**Task instructions**: Would you filter these records and copy every line that has the word "Paper"?

**Material provided**:

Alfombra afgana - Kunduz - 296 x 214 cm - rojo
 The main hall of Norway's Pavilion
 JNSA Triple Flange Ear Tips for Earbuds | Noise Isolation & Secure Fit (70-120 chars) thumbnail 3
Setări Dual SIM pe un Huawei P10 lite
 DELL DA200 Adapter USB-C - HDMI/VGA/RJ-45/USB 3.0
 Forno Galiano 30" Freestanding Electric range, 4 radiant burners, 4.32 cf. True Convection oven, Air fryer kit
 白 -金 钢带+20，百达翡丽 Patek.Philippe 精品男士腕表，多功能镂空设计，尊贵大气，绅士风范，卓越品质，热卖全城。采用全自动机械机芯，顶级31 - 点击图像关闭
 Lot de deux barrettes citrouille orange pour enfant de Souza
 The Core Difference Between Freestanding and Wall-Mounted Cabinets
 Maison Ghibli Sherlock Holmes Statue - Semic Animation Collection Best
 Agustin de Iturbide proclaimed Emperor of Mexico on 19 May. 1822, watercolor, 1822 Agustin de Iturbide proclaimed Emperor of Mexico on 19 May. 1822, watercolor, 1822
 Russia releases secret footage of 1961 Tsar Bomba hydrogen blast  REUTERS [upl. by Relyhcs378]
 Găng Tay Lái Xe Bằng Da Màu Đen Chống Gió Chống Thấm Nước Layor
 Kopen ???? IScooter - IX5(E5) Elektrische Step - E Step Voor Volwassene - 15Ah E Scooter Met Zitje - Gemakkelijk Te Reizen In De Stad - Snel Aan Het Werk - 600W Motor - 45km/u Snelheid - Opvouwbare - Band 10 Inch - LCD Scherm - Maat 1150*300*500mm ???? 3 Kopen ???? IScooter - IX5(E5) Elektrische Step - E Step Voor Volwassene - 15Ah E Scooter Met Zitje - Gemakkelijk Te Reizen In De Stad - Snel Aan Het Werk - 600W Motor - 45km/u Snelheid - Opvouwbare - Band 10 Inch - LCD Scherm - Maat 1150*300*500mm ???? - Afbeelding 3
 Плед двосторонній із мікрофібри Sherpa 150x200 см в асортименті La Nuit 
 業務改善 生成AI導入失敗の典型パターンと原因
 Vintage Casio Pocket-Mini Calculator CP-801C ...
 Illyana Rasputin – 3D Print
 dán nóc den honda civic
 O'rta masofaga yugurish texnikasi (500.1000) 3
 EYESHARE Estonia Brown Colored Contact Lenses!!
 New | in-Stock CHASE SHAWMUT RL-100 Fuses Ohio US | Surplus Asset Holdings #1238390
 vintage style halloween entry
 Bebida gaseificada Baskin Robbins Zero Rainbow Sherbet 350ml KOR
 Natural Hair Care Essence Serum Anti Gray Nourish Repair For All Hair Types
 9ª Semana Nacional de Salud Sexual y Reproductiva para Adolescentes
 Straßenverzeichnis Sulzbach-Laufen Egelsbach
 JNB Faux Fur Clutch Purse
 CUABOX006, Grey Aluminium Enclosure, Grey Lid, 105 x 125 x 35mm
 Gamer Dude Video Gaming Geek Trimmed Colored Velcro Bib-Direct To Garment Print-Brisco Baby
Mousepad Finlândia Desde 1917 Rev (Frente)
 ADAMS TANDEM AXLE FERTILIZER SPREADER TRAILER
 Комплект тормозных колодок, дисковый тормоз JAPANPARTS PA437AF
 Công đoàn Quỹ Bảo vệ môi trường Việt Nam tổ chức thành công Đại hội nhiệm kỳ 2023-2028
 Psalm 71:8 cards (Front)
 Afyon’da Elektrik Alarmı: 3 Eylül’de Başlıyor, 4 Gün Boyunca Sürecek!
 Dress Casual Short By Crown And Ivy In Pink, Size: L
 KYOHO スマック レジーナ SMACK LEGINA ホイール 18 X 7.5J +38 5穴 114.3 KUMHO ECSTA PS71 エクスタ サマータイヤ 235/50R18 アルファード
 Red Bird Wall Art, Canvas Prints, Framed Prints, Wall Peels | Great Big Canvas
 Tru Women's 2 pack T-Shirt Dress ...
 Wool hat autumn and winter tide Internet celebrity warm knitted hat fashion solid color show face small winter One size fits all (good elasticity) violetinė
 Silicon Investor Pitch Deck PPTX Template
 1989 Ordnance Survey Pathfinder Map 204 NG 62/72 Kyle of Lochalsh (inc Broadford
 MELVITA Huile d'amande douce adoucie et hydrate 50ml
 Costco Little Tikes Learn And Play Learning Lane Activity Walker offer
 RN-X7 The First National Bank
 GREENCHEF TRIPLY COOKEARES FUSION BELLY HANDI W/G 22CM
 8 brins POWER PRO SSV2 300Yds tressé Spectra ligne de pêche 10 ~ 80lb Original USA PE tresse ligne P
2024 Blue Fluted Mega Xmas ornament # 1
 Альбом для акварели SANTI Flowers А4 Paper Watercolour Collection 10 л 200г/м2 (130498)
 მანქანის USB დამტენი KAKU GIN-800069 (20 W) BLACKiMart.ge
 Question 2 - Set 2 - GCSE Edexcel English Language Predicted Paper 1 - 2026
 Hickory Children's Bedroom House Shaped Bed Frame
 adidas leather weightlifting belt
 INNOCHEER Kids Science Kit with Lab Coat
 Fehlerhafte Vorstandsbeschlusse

**Output of the exercise**:
 Альбом для акварели SANTI Flowers А4 Paper Watercolour Collection 10 л 200г/м2 (130498)
 Question 2 - Set 2 - GCSE Edexcel English Language Predicted Paper 1 - 2026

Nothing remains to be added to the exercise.